TRAC Leasing Explained: The Small Fleet Game-Changer

Last Updated: July 21, 2025By

For small and mid-size businesses, acquiring new work trucks and vans is a major capital expense. While many owners think in terms of buying or traditional leasing, a third option often provides the perfect blend of flexibility and financial benefits: the Terminal Rental Adjustment Clause (TRAC) lease. Understanding how a TRAC lease works can unlock significant advantages for your fleet operations.

What is a TRAC Lease?

A TRAC lease is a type of open-end lease designed specifically for commercial vehicles. Unlike a closed-end lease where you have strict mileage caps and wear-and-tear clauses, a TRAC lease is much more flexible. Here’s how it works: at the beginning of the lease, you and the leasing company agree on a “residual value” for the vehicle—what it’s projected to be worth at the end of the term. You then make your monthly payments based on the difference between the initial cost and that residual value.

The End-of-Lease “Adjustment”

The key feature is the “adjustment” at the end of the term. When the lease is over, the vehicle is sold. If the vehicle sells for more than the pre-determined residual value, your company gets to keep the surplus.
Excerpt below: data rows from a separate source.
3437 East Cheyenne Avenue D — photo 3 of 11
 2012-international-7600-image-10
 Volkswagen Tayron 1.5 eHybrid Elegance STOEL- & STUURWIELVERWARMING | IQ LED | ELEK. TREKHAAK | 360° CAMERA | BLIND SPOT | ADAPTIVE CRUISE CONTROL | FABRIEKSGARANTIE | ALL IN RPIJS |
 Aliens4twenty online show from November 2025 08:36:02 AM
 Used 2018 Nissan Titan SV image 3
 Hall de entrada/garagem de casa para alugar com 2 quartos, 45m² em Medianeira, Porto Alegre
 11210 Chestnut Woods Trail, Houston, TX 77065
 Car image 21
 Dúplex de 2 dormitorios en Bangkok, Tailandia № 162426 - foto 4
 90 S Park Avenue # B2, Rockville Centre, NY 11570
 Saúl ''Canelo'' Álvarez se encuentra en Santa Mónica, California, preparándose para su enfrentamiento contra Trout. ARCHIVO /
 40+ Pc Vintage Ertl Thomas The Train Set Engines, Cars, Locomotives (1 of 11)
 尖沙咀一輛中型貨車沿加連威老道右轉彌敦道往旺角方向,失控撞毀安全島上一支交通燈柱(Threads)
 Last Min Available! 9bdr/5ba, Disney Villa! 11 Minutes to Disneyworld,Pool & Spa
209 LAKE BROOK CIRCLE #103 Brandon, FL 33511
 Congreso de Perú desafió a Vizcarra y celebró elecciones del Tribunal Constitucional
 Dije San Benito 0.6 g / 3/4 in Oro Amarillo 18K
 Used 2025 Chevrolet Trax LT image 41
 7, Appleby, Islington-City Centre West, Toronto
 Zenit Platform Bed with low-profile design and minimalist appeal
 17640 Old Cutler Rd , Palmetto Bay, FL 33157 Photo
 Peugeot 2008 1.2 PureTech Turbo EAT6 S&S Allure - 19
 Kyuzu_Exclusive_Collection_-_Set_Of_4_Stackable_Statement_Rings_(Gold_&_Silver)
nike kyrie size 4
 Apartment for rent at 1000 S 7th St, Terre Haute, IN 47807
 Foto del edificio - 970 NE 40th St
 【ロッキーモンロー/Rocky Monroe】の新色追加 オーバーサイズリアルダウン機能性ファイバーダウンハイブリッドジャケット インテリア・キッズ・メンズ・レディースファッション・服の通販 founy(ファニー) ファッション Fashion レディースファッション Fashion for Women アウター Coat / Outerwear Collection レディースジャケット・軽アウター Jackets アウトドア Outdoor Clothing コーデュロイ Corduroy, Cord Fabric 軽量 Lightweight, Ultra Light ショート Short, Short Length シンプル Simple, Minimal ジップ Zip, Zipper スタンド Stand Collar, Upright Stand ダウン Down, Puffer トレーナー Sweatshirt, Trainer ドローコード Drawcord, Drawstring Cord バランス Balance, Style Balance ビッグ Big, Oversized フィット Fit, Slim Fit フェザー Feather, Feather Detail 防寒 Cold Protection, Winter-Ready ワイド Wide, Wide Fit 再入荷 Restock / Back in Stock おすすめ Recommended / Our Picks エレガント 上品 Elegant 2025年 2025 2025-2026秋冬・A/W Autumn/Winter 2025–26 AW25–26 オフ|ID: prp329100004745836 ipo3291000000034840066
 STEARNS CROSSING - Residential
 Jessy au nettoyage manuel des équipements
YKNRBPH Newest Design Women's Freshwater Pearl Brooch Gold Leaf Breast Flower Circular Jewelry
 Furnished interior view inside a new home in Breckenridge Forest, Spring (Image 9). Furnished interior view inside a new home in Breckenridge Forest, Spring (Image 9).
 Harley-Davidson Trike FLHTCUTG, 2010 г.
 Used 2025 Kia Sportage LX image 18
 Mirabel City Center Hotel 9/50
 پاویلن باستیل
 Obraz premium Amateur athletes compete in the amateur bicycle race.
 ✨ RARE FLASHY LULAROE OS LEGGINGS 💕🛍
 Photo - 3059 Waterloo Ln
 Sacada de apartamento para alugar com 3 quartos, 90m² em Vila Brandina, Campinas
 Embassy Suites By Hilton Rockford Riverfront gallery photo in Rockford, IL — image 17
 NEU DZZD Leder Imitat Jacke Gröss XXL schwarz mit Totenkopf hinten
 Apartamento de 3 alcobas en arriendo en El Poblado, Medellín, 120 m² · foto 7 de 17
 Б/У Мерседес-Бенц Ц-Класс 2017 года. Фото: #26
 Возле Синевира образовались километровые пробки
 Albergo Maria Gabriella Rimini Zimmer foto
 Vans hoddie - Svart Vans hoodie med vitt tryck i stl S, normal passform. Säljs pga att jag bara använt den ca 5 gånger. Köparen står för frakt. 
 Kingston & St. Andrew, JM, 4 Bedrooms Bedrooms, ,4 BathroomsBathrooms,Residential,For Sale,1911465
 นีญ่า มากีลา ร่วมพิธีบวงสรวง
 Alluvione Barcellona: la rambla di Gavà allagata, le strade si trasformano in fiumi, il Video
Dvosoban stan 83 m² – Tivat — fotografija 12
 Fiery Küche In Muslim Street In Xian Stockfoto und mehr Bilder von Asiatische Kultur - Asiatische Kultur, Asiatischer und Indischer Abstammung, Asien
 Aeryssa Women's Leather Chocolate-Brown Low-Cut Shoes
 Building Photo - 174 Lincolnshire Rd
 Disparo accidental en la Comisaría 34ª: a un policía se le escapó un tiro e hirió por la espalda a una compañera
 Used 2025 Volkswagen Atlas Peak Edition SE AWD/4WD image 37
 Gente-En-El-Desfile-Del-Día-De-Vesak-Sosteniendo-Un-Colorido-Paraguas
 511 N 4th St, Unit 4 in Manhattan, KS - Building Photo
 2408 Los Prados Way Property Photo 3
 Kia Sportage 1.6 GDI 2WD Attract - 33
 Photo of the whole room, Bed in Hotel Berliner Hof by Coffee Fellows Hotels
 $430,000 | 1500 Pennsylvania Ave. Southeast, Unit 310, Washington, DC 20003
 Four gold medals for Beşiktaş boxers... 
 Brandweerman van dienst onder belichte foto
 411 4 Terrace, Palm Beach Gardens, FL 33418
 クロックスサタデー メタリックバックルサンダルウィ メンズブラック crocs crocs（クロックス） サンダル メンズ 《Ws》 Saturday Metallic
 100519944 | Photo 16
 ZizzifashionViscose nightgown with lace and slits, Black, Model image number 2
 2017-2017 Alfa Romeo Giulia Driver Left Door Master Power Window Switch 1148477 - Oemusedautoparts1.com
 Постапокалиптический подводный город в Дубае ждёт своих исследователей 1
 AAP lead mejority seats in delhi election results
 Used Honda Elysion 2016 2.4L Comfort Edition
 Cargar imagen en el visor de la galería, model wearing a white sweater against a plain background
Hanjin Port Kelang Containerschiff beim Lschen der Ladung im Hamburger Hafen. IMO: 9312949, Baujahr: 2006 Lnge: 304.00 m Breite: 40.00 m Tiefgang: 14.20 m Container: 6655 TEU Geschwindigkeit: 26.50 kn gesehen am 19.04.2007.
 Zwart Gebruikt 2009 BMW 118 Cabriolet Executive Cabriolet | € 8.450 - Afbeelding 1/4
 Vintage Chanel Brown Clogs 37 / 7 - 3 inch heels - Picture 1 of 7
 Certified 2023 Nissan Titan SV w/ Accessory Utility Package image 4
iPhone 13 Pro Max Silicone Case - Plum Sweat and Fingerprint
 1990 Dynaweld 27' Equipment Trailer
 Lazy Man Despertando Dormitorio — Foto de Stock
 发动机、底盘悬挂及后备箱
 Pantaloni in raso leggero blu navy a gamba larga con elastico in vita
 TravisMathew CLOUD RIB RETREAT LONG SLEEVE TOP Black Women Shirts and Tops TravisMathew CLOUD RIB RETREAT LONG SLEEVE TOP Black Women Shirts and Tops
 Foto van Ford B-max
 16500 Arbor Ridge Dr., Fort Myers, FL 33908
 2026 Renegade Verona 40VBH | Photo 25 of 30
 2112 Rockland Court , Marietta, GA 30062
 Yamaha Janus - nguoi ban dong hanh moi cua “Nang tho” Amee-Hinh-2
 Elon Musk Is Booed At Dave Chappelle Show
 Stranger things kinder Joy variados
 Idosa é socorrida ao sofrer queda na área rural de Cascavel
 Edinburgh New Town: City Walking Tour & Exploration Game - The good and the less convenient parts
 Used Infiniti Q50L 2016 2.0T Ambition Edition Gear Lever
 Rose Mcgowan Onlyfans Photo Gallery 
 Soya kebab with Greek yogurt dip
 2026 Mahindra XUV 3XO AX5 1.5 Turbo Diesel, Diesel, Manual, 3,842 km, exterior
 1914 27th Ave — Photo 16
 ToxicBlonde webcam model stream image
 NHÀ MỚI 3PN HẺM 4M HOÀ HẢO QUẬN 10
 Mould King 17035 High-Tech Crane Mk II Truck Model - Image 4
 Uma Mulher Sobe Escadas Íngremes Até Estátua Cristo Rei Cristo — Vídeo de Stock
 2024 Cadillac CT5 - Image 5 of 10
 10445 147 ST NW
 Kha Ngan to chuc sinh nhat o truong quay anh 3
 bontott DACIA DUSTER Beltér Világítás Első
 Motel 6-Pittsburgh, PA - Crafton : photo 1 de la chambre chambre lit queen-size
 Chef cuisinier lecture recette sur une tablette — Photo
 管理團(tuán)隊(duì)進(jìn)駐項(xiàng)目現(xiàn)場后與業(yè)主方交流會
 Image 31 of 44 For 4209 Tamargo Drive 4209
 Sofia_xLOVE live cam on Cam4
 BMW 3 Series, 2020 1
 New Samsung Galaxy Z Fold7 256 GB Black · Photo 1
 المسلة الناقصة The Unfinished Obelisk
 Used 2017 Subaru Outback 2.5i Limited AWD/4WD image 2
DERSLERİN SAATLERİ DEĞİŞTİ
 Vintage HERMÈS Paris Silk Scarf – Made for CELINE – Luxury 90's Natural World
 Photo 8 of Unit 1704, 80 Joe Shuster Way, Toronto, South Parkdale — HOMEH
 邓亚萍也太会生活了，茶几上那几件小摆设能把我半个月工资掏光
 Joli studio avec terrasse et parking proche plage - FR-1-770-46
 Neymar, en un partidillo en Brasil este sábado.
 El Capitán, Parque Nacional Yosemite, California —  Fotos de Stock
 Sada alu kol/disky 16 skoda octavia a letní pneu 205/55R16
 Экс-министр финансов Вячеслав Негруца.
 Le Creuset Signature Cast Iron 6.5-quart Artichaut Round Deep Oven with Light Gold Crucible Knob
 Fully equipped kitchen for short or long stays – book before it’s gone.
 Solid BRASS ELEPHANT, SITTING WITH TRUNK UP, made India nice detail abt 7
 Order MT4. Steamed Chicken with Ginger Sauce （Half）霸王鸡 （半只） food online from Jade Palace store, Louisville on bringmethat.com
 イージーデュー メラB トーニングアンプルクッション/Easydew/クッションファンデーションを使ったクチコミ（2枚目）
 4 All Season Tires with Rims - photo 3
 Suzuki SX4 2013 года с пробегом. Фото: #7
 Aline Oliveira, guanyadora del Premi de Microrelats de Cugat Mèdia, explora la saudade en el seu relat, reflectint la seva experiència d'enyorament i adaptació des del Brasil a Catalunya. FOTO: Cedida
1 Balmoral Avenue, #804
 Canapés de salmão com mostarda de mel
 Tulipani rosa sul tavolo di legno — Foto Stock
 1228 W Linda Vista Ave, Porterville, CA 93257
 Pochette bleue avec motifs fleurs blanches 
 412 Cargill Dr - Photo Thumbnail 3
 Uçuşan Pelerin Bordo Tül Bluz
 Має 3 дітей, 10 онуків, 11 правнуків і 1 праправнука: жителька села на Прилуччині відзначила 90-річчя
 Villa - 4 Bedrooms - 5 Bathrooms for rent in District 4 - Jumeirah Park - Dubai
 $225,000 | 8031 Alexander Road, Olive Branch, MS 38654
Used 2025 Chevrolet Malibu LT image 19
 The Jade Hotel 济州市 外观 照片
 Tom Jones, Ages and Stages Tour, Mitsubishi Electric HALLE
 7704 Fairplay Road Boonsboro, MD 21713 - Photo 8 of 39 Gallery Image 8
This provides a direct financial reward for keeping the vehicle in good condition. However, the risk is also on you. If the vehicle sells for less than the residual value, your company is responsible for paying the difference. This structure gives you a vested interest in the vehicle’s maintenance and upkeep.

Why Choose a TRAC Lease?

TRAC leases offer several powerful benefits for business owners. First, the monthly payments are often lower than loan payments, improving your cash flow. Second, for tax purposes, the lease payments are typically treated as a 100% tax-deductible operating expense. Third, there are no mileage restrictions or wear-and-tear penalties, which is a huge advantage for fleets that put a lot of miles on their vehicles. At the end of the term, you have options: you can turn the vehicle in and settle the difference, or you can purchase the vehicle for the residual amount. This flexibility allows you to adjust your fleet strategy based on your business needs at that time. While you bear the residual risk, careful vehicle selection and a strong maintenance program can turn that risk into a significant financial reward.